- _Instructions for the task_
Reproduce exactly the first line of the material below and every line after it, ending with the line that contains "unfurnished room with". No pictures should be copied.

━━━

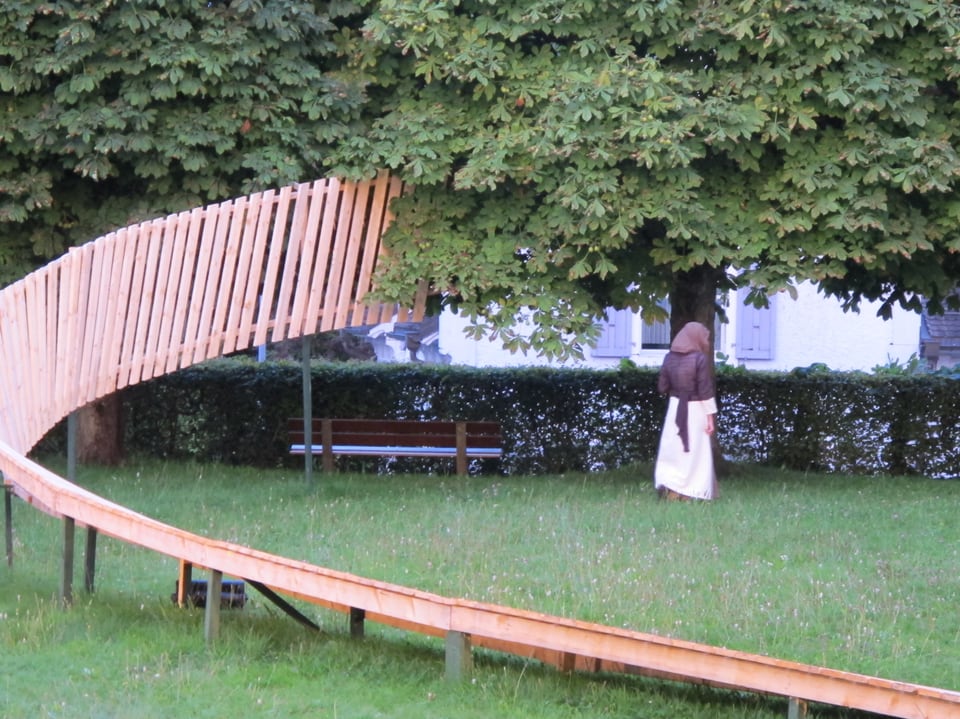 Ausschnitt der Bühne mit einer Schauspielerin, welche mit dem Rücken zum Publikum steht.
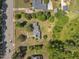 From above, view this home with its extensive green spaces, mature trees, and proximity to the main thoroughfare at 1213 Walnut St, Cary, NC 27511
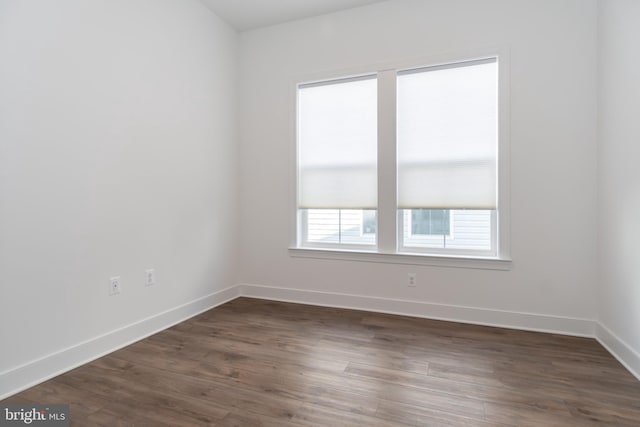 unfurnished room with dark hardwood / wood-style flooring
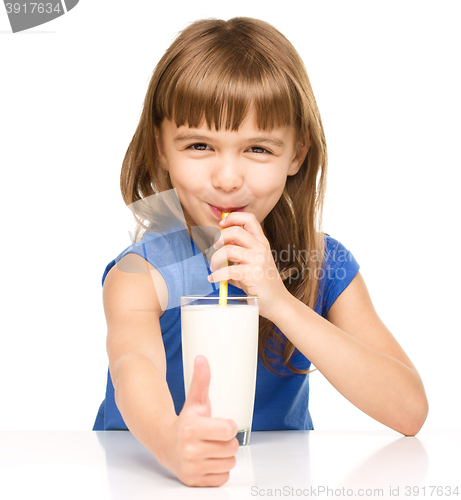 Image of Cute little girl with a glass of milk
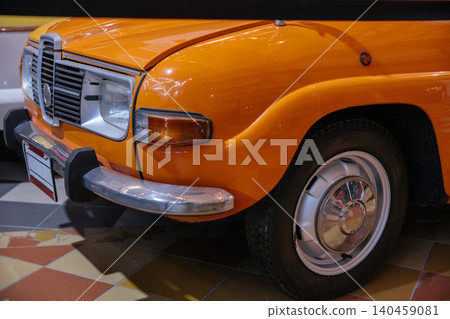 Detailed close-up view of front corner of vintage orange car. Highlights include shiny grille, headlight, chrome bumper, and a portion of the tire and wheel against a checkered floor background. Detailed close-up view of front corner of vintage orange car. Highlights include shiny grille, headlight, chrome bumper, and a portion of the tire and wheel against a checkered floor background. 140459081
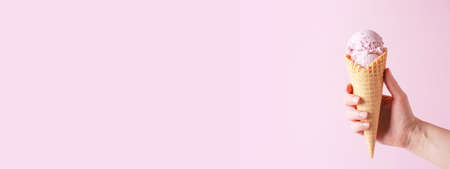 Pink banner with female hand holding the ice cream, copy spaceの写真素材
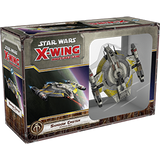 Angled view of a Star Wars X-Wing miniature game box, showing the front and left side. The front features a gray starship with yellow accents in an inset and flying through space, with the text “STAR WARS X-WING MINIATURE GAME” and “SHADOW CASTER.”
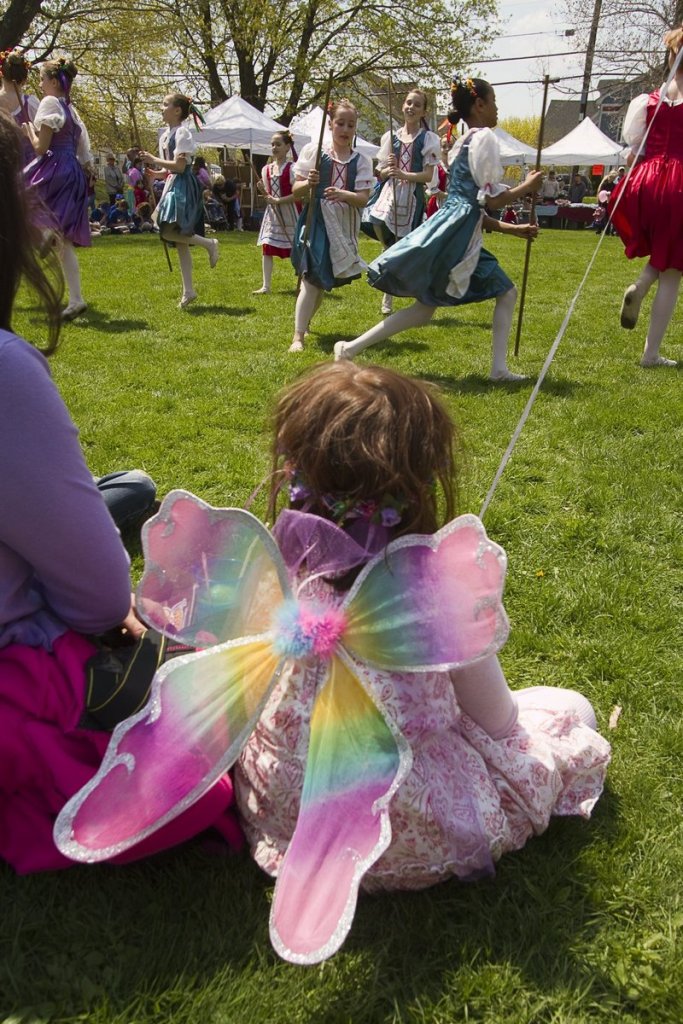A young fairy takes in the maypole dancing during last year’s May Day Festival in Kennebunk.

━━━

- _Output below_
 Ausschnitt der Bühne mit einer Schauspielerin, welche mit dem Rücken zum Publikum steht.
 From above, view this home with its extensive green spaces, mature trees, and proximity to the main thoroughfare at 1213 Walnut St, Cary, NC 27511
 unfurnished room with dark hardwood / wood-style flooring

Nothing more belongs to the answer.